(EXERCISE INPUT begins)

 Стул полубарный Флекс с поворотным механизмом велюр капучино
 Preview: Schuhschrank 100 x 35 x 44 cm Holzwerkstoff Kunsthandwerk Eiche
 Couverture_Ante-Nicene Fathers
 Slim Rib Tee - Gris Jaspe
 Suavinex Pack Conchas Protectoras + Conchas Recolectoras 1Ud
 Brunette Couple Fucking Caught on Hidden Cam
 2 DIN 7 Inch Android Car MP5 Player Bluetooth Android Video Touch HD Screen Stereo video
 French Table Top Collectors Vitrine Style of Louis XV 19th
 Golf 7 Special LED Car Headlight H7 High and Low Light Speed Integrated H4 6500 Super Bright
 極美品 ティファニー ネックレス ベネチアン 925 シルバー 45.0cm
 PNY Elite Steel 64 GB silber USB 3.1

(EXERCISE INPUT ends)

*WHAT TO PRODUCE*
Return the lines beginning at the one that contains "Brunette Couple Fucking Caught on Hidden Cam" and continuing through the last line of the data, exactly as they stand and without any others.

*EXERCISE OUTPUT*
 Brunette Couple Fucking Caught on Hidden Cam
 2 DIN 7 Inch Android Car MP5 Player Bluetooth Android Video Touch HD Screen Stereo video
 French Table Top Collectors Vitrine Style of Louis XV 19th
 Golf 7 Special LED Car Headlight H7 High and Low Light Speed Integrated H4 6500 Super Bright
 極美品 ティファニー ネックレス ベネチアン 925 シルバー 45.0cm
 PNY Elite Steel 64 GB silber USB 3.1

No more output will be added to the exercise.